Since water causes the molten magma to cool and solidify much faster than on the surface, it’s often that underwater magma turns into volcanic glass and then into pillow lava in later stages. Axial Seamount, located on the Juan de Fuca Ridge, is one of the youngest submarine volcanoes which last erupted in 2015.
Sub-glacial volcanoes are located well beneath giant ice sheets or glaciers. They have some unusual characteristics, such as the flattened summit and very steep sides supported by the surrounding ice. Over time, the ice sheet is melted by the rising lava and ultimately transforms into a lake.
While sub-glacial volcanoes are most common in Antarctica and Iceland, some are also found in western and northwestern regions of Canada.

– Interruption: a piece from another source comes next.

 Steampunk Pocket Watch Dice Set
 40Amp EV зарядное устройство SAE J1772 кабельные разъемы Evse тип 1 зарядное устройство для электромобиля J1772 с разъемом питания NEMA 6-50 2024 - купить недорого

Diagram of the Yellowstone Caldera
A supervolcano occurs when magma, rising from the Earth’s mantle, is trapped inside the crust and unable to break-out until it explodes under extensive pressure.
Supervolcanoes are perhaps the most dangerous type of volcano and are usually located at subduction and/or hotspots. These volcanoes often feature a caldera, such supervolcanoes are called megacaldera.
According to the scientific consensus, substantially large amounts of volcanic ash and sulfur produced during a supervolcano explosion can reduce global temperatures for a brief period of time (by increasing Earth’s albedo). It could also have a massive impact on living organisms.
Yellowstone Caldera in Yellowstone National Park, Lake Taupo in New Zealand, Ngorongoro Crater in Tanzania, and Lake Toba in Indonesia are few well-known examples of a supervolcano.
Volcanic eruption on Jupiter’s moon Io (Tvashtar Paterae region) captured by New Horizons in 2007 | Image Courtesy: NASA
Volcanoes and related activities have also been observed on celestial bodies in the solar system other than on earth. Researchers have discovered numerous shield volcanoes on both Mars and Venus. What’s more interesting is that the shield volcanoes on planet Mars bear a close resemblance to those on our planet.
Cryovolcanoes, a much-less known type of volcanoes, are found on Pluto and various celestial objects including Titan and Ceres. While there is no direct evidence, there are signs suggesting possible cryovolcanic activities on Europa and Enceladus. Instead of molten magma, cryovolcanoes ejects ammonia, methane, and water.